On Mon, Nov 18, 2002 at 11:12:34PM -0800, Toby Bartels wrote:
[On Saturday]
While I was sleeping (around 12:00 UCT), a vandal
arrived,
using bots (apparently) to splatter goatse across Wikipedia.
I'm not sure it really was using a bot, despite its claims. If it had
been, it could have vandalised many more pages.
The problem, of course, is that we're blocking an
innocent user
when it's not at all clear that we're even blocking the vandal.
* Block more intelligently:
** Let admins see the IP of signed in users.
Then we can at least know for sure who to block.
** Let admins whitelist a user name known to use a dynamic IP.

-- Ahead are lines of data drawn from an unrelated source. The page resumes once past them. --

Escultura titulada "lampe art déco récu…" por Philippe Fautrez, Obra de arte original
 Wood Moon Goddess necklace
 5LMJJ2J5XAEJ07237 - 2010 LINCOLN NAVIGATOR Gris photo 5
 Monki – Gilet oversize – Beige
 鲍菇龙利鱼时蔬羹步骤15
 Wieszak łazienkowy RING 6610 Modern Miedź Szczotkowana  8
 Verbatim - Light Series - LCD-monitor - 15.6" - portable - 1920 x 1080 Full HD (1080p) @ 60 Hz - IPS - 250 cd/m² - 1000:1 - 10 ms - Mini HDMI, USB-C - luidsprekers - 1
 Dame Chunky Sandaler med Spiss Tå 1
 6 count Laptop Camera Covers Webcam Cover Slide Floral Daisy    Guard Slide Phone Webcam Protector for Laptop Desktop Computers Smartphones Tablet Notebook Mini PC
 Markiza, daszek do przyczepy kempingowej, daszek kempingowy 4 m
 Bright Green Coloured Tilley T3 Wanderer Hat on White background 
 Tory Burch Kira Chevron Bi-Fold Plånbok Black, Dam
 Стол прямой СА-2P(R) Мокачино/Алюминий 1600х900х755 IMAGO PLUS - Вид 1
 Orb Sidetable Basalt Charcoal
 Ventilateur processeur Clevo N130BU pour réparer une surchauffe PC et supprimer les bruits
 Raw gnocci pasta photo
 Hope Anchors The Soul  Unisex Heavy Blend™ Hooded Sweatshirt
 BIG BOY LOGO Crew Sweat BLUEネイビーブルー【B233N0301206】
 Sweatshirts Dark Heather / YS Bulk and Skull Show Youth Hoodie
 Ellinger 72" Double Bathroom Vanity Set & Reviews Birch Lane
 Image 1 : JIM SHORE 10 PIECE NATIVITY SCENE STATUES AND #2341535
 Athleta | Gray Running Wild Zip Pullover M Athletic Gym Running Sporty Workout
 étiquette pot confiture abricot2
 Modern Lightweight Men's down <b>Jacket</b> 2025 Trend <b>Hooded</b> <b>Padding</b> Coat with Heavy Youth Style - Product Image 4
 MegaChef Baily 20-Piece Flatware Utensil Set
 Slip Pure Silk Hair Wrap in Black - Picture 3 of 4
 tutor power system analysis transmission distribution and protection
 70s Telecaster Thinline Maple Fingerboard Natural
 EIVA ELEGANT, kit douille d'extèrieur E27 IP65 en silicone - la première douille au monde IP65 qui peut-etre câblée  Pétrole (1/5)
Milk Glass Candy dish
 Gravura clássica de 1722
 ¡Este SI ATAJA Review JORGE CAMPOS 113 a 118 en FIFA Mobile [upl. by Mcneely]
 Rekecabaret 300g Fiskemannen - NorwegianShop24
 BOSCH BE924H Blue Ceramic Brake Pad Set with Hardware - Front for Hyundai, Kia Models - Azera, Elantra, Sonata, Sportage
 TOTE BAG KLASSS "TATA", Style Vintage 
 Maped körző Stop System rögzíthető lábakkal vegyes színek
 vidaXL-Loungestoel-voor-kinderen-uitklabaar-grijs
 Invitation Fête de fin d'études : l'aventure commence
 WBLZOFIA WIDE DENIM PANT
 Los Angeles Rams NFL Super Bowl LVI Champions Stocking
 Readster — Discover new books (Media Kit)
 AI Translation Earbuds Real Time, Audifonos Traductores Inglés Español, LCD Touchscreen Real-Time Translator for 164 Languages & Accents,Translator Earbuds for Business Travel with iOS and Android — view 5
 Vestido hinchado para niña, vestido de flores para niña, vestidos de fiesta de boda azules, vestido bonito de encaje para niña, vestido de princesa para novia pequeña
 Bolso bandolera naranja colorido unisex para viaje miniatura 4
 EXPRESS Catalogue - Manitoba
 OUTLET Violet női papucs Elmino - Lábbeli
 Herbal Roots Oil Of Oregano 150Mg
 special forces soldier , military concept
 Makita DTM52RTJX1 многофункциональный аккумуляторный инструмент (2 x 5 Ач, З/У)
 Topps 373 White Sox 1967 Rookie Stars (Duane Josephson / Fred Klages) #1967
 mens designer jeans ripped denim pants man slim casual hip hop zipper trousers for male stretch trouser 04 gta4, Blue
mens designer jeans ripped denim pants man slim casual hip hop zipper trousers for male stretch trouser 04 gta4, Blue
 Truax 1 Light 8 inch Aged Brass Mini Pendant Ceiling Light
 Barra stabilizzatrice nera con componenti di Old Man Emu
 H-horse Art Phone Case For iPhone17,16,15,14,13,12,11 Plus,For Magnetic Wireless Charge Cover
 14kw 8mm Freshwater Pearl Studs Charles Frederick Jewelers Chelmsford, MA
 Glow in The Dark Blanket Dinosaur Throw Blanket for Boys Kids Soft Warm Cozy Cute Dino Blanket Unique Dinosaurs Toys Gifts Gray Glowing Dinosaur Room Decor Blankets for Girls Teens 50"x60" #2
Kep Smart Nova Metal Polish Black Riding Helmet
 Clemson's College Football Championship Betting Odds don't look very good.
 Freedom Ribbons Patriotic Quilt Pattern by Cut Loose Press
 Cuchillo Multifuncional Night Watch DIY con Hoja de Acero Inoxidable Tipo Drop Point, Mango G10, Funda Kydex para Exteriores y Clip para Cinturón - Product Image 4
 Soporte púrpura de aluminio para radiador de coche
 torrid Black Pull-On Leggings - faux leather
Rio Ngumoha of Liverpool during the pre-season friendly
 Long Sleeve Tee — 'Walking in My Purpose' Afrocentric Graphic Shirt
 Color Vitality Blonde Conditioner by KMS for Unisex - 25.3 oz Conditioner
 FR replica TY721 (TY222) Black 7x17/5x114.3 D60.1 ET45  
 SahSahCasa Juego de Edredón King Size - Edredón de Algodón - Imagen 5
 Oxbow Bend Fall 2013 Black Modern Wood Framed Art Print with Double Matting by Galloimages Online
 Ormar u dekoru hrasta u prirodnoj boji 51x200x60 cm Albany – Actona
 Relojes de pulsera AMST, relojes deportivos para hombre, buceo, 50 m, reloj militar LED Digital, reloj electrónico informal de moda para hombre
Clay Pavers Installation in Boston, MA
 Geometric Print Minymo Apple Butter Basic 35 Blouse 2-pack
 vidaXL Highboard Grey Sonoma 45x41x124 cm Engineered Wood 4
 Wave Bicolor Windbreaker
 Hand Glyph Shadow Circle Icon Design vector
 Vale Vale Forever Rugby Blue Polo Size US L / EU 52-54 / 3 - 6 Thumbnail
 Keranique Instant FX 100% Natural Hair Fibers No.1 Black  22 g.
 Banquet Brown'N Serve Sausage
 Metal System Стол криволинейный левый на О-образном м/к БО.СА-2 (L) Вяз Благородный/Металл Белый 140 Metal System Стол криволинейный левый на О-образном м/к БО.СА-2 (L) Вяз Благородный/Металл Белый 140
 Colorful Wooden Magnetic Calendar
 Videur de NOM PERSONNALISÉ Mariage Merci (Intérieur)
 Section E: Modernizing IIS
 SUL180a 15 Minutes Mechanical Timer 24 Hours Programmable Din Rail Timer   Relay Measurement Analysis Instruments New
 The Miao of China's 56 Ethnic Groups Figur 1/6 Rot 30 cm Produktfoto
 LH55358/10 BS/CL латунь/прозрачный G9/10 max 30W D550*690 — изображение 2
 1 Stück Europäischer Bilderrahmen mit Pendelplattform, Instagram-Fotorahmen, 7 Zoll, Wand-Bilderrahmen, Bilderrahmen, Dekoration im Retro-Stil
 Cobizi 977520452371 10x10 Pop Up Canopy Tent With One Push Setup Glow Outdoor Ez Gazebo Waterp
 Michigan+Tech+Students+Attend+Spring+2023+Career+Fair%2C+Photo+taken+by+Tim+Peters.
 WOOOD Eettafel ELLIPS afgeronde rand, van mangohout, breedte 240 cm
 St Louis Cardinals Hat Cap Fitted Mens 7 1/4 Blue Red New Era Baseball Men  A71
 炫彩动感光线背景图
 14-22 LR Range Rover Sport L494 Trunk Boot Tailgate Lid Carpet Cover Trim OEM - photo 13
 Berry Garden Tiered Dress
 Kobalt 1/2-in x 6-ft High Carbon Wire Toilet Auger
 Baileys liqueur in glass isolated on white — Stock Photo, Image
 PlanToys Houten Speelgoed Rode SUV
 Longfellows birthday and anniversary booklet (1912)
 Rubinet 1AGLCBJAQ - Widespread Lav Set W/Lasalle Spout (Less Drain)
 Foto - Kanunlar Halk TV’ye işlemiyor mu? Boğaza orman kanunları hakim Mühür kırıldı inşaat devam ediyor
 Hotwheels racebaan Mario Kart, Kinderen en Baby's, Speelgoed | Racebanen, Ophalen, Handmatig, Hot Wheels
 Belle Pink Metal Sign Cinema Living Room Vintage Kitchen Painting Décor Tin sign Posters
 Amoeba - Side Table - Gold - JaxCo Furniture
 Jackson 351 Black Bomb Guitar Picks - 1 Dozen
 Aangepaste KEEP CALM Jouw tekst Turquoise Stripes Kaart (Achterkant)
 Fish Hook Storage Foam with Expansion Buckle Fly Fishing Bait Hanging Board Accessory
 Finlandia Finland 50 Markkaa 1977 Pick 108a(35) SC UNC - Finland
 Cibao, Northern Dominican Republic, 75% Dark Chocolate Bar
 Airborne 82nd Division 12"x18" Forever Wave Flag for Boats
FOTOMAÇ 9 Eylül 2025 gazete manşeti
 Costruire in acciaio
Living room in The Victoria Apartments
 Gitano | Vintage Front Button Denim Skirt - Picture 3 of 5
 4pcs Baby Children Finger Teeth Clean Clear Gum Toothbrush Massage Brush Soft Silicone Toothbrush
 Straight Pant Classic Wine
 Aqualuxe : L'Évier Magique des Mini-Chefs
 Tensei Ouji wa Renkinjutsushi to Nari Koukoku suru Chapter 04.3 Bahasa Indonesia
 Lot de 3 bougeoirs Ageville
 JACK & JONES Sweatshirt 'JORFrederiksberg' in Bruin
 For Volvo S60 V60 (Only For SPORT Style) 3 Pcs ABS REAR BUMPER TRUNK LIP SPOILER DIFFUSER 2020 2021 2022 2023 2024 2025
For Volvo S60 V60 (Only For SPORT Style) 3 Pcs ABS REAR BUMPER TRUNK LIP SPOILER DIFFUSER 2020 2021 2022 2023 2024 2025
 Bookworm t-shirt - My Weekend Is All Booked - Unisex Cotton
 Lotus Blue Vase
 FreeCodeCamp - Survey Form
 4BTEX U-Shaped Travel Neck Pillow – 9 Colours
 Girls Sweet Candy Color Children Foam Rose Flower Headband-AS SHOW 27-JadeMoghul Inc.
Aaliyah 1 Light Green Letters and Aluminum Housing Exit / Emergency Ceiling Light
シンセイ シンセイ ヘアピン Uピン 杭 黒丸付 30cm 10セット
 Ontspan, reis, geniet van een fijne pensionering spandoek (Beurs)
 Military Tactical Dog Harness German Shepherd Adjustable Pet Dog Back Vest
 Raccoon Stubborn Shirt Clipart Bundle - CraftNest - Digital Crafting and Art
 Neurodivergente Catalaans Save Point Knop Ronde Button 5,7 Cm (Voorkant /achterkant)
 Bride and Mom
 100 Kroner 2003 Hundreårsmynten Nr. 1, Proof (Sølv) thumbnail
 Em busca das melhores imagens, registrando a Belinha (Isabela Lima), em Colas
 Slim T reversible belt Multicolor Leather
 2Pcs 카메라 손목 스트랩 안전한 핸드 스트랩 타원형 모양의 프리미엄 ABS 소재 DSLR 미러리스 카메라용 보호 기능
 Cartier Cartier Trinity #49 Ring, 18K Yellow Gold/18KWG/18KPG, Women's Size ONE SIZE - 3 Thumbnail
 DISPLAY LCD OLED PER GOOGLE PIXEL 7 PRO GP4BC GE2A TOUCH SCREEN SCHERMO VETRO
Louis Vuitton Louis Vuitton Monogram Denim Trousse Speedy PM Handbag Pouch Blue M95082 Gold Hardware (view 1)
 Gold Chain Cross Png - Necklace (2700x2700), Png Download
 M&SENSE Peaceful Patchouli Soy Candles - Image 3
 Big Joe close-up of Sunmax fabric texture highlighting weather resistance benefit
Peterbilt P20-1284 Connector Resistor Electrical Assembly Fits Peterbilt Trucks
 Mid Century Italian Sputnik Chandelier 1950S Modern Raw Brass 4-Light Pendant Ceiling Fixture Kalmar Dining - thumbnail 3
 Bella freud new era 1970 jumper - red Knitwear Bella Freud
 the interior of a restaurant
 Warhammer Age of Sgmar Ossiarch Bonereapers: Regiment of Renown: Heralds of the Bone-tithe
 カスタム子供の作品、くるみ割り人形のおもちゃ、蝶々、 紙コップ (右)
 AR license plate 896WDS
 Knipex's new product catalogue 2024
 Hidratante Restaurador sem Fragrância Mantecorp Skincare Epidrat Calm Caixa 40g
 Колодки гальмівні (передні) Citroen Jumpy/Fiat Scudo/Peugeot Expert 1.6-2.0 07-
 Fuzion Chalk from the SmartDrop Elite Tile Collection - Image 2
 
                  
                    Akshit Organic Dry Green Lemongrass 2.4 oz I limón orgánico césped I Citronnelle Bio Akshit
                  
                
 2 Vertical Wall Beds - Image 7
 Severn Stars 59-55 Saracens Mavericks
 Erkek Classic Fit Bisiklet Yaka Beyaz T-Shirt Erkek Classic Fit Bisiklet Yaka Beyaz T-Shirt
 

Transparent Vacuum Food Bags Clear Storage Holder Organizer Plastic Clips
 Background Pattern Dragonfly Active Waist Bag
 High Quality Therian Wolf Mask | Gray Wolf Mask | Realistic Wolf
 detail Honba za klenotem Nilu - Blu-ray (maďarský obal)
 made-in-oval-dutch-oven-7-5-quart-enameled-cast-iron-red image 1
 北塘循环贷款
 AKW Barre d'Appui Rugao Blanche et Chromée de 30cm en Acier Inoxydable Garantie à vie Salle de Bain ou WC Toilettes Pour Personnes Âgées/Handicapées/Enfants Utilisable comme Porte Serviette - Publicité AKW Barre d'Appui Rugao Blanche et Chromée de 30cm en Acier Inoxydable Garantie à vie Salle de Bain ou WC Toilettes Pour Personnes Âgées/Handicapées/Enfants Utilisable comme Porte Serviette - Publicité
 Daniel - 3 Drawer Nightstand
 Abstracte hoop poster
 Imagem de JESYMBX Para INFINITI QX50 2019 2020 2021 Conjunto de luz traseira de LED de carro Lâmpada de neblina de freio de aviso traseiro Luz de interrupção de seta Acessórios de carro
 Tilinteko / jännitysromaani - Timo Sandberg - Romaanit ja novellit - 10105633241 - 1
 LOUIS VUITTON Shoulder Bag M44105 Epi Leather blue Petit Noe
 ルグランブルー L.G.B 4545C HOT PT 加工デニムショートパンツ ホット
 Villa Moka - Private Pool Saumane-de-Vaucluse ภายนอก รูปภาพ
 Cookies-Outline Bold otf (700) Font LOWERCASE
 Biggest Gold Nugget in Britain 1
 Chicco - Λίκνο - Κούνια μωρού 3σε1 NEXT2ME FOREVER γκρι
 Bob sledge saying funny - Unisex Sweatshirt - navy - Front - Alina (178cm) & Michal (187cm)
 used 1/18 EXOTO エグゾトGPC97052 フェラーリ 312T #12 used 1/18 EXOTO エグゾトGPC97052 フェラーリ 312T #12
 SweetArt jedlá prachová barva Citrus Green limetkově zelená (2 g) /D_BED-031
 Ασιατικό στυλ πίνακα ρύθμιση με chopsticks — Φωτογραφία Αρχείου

(This can always be undone later if abused.)
** Allow admins to see all contributions from a given IP,
whether or not they were made anonymously.
This will allow us to check for multiple users
and give us the opportunity to create the above whitelist
at the same time that we block the vandal.
These are surely good plans. Note that if we're willing to do the work
to classify IPs, we can ban on the 'Client-ip' and 'X-forwarded-for'
headers instead of the real IPs, for known shared proxies. This doesn't
help the case where an innocent user ends up reusing the actual client
IP address of a vandal (either because the address was reallocated, or
just because they used the same public computer), but it would do
something to mitigate problems with shared proxies.
But in the long run, nothing based on ip-banning would be able to stop
a sufficiently determined vandal. Neither would relying on registered
accounts. At present, stealing someone else's account would be quite
easy. This doesn't matter, as there's little currently little incentive
to do so. If we relied more strongly on authenticated accounts, that
could change.
I think techniques for automatically slowing down bots would be the
most valuable place to concentrate our efforts.